Sınıfların, soyluluk durumuna göre belirgin
olduğu orta çağdan çıkıldıktan sonra, zaman içinde sınıflar arası geçişkenlik
yaşanmaya başladı. Ekonomik anlamda alt sınıftan bir birey, yeteneklerini
kullanarak yukarılara tırmanabilir oldu. Çünkü piyasa, demokrasiyi kendine araç
ederek kuşatıcı bir hal aldı.
Her bir bireyin yeteneklerini sistem içinde
değerlendirmek, onları yarıştırmak, mevcut adaletsizliklerin kaynağı olarak da
bireyin kendi yetersizliklerini görmesini sağlamak, kapitalist ekonomiyi ayakta
tutan başlıca etkenler olarak karşımızda duruyor. Dolayısıyla, bireyler arası
rekabet zirveye çıktı. Artık orta sınıf dediğimiz karakter, piyasanın
gereklerini üzerinde taşıyabilen bireydir bana göre. Yani; zekâsını sivri
kullanabilen, tahsilli, kültürel zevkleri olan, sanattan anlayan, geniş ve
nitelikli bir çevresi olan birey, işsiz ve cebinde meteliksiz de olsa orta
sınıftır. Öte yandan, bunlardan diğerine nazaran mahrum olan kişinin toplumsal
rolü ise orta sınıfın altında bir yerlerdedir, sahip olduklarına bakılmaksızın.

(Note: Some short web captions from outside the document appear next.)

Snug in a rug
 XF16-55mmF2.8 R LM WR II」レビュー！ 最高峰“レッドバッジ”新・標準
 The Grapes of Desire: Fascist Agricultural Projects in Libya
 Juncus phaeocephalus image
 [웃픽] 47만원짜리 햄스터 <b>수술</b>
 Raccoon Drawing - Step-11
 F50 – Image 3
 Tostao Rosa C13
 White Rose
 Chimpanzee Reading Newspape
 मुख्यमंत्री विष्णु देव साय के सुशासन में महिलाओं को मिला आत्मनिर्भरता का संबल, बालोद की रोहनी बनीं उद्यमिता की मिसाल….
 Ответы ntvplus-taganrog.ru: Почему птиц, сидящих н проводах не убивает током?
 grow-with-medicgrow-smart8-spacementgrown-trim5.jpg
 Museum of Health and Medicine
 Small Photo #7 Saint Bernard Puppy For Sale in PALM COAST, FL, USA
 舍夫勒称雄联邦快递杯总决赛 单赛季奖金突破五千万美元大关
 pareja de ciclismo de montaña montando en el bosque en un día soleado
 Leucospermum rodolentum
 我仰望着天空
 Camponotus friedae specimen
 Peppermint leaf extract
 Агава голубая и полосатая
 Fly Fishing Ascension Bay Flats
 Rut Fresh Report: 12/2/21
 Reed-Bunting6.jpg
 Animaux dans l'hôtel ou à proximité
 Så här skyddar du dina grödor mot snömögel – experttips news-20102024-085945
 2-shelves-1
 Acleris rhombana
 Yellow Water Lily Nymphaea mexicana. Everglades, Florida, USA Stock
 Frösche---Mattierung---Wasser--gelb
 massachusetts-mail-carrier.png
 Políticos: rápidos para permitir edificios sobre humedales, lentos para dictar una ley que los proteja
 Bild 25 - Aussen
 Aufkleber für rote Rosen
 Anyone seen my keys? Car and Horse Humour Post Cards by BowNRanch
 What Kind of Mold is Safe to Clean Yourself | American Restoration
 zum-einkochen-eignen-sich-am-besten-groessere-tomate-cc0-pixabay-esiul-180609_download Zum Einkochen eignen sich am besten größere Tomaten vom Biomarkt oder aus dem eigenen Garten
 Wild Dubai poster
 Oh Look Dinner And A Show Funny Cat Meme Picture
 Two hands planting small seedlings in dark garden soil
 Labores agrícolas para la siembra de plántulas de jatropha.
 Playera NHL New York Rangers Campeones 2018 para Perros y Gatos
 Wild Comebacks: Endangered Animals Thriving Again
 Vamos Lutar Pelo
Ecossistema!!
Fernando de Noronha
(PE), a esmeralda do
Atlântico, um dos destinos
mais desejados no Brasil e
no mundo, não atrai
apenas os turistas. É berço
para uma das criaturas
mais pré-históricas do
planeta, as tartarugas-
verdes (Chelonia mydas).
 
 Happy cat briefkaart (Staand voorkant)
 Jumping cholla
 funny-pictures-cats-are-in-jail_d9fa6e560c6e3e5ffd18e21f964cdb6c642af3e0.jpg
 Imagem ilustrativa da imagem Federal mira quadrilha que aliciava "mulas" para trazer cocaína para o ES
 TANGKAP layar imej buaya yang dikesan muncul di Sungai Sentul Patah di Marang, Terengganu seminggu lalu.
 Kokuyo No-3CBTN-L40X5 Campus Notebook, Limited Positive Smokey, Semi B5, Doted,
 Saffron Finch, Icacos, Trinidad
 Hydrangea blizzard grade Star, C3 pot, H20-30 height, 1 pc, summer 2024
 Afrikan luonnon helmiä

O, hayat kalitesini ortalarda bir yerlerde tutabilmek için canhıraş çalışır,
saygı görebilmek için çokça fedakarlıklar yapabilir. Buna karşılık gerçek bir
orta sınıf, manevra alanına sahiptir. Yeteneklerinin piyasa içinde bir
karşılığı olduğunun farkındadır ve istediği zaman kariyer peşinde koşup,
istediği zaman aylak bir biçimde hayatını sürdürebilir. Bununla birlikte, kendi
yaşam formunu, hazlarını ve eksikliklerini bir felsefe olarak ortaya koyabilir.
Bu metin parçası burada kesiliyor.